In the end, Ethereum was hard forked to return the money to the DAO investors. However, some who believed the hard fork violated the immutability principle of blockchain technology decided to stick with the previous version of Ethereum. This resulted in the creation of a new cryptocurrency called Ethereum Classic, in which the theft was left completed. At the time of writing, both Ethereum and Ethereum Classic can be purchased through coin exchanges, though Ethereum currently has 33 times the market cap of Ethereum Classic.
This debacle showed that depending on how blockchain is implemented, the implementors could hard-code a fix to an illegitimate transaction, which gives them excessive control over how the technology is used and runs counter to the ethos of decentralization and immutability.
In the case of illegitimate cryptocurrency transactions, at best, exchanges can refuse to accept funds that were acquired through ill-gotten means. Peer-to-peer transactions with illicitly gained cryptocurrency could be discouraged, but not stopped, because no intermediary is required for a transaction to occur.
Accountability Issue #3: Anonymity and Pseudonymity
Depending on how the blockchain is implemented for a cryptocurrency, it could be relatively easy or nearly impossible to discover the identity of malicious users of the currency.
Bitcoin, the most popular cryptocurrency, was originally promoted as anonymous, since no identification is required to create a Bitcoin address. In practice, Bitcoin only provides psuedonymity due to parameters outside of the blockchain. A Bitcoin address alone is not enough to reveal the identity behind the address, but in concert with other information like an email address or username, the address holder can be identified. Once the connection is made, the user’s entire transaction history is immediately identifiable and available for anyone to see due to Bitcoin’s use of a public ledger.
According to MIT researchers, even with obfuscating techniques, holders of Bitcoin addresses can be identified in 60% of cases, largely due to leaked information from online stores and checkouts.
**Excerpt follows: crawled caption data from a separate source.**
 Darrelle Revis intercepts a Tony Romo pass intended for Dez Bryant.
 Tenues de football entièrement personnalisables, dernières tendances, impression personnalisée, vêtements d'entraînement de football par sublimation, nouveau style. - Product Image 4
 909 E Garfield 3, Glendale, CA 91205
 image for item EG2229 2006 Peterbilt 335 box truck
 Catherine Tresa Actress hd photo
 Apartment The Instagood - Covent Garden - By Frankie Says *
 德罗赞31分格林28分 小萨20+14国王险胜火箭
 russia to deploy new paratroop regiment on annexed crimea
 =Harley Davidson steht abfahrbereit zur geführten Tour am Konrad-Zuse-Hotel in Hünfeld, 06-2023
Accountability Issue #4: Accountability Without a Third Party
In traditional financial systems, third-party regulators police and correct illegitimate transactions. There are no regulators in cryptocurrency; the cryptocurrency itself is supposed to act as the regulating body. Psychologically, are we ready to accept accountability that is enforced by math inside the blockchain? Can we trust the process, so to speak?
On one hand, in our current system, there is strong distrust of financial institutions due to financial crises and manipulations caused by the institutions themselves. The crypto-curious may favor a system that removes the flawed human element from transactions. Time and money are saved by rendering third parties unnecessary.
On the other hand, even if we trust a third-party-free system, it lives or dies based on secure implementations. For instance, Zcash, a cryptocurrency that was created to provide completely anonymous transactions through its use of zero-knowledge proofs, recently disclosed a “catastrophic” bug that it patched in 2018 that would have allowed infinite counterfeit coins to be introduced into the system. Everything is secure until it isn’t.
No Shortcuts When It Comes to Accountability
The principles behind blockchain—trust, privacy, decentralization, security—are noble, but difficult to achieve, even with strong cryptographic backing. It is up to the blockchain implementors to decide how to handle these issues, and to what extent the implementors, the blockchain itself, or the users will be responsible for them. Accountability in any system is vital, and as blockchain and derived technologies progress and mature, we can expect some expensive growing pains along the way.